The judges then further precluded the claims by invoking a doctrine of “battlefield preemption,” whereby tort claims against a contractor cannot proceed if that contractor is integrated into combatant activities over which the military retains command authority. However, the U.S. Army has denied that it had this type of command and control authority and Titan and CACI at the time were operating under a Department of the Interior contract.
The Supreme Court’s decision allows the Appeals Court decision to stand, offering a clear blow to human rights protections and corporate accountability for abuses. Abu Ghraib was the earliest and most detrimental hit to America’s reputation as a nation that upholds human rights and marked the beginning of a slew of rights violations linked to the global “war on terror”.
The Obama administration came into office promising to address rights violations in the war on terror; as Senator before that, Obama even spearheaded legislation to improve the oversight and accountability of private military and security contractors. However, the US Solicitor General, Neal Katayal, instead filed a brief on behalf of the administration advising the Supreme Court not to hear the case to reinstate the plaintiffs’ lawsuit against the companies.
One can hope that such egregious human rights violations by contractors supporting a Department of Defense (DOD) mission would not occur again, and if they did, that the vehicles available for criminal accountability, the Military Extraterritorial Jurisdiction Act (MEJA) and the Uniform Code of Military Justice (UCMJ), would be used to punish the perpetrators. (Though to date, the political will to prosecute contractors has been scarce.)
Use of private security contractors on the rise
However, the picture becomes drearier as, with the withdrawal of troops in Iraq and soon Afghanistan, the Department of State is expected to significantly increase its use of security contractors. And that’s where there’s even greater cause for concern: security contractors not supporting a DOD mission are subject neither to the MEJA nor the UCMJ.

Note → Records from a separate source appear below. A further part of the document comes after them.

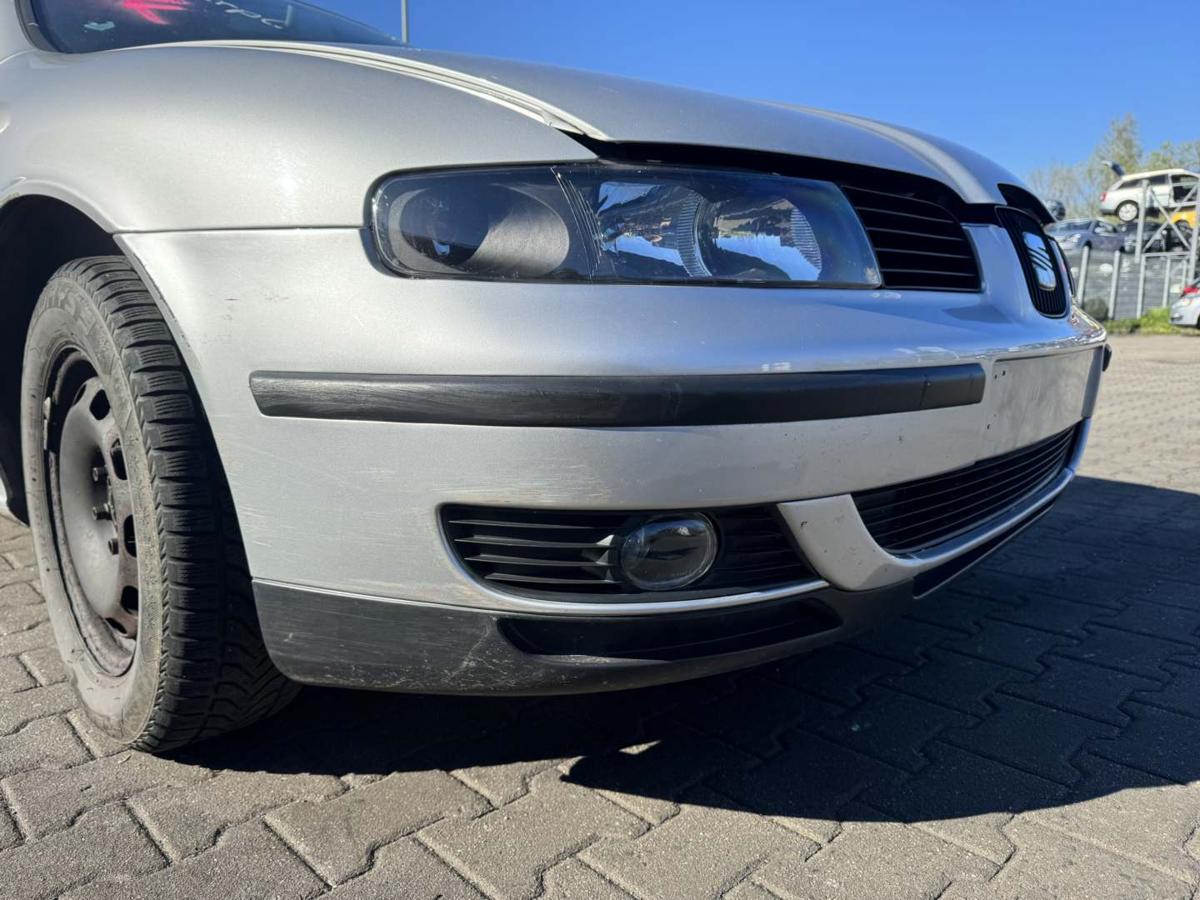 Seat Leon 1M original Sto&szlig;stange Stossf&auml;nger vorn LS7N Gris Artico Bj.2000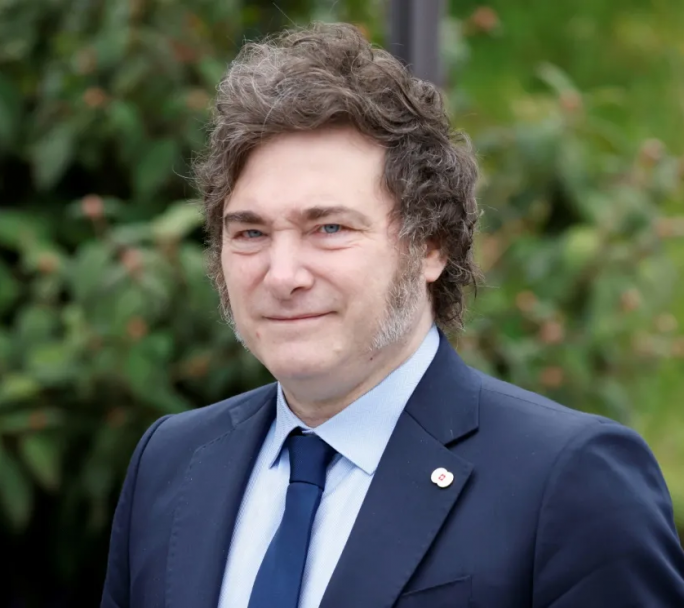 Milei estudia usar un decreto para dejar sin efecto dos leyes clave en medio de tensiones con el Congreso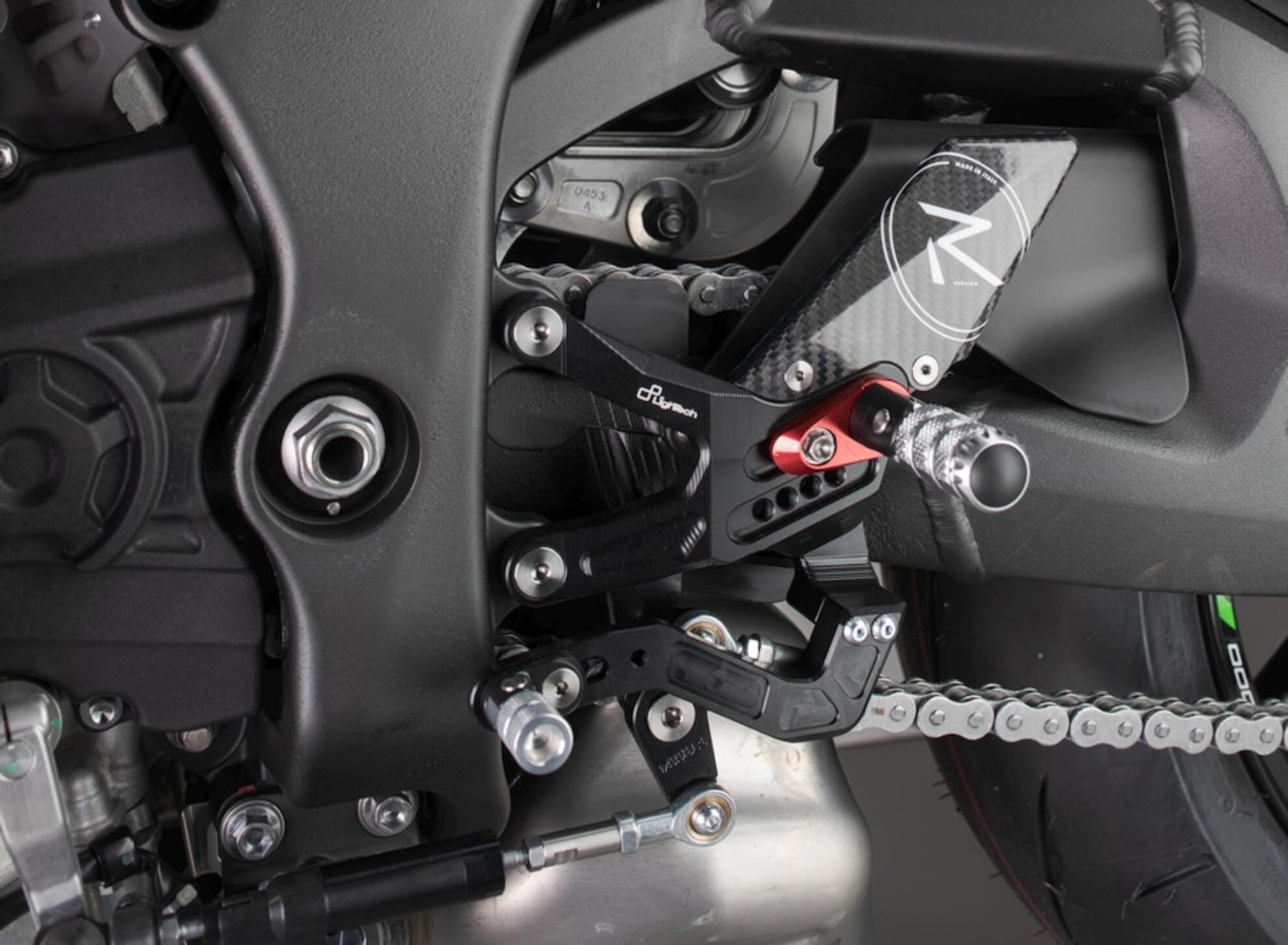 Fren sistemi R LighTech Kawasaki ZX-10 R/RR (21-26) FTRKA011R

To rectify this legal shortcoming, Senator Leahy and Representative Price recently re-introduced the Civilian Extraterritorial Jurisdiction Act. Care should be taken to ensure this bill once and for all addresses the loopholes that have allowed contractors – individuals and companies – to escape accountability. Of course, even a perfect law on the books still requires the political will of the administration to employ it to end impunity.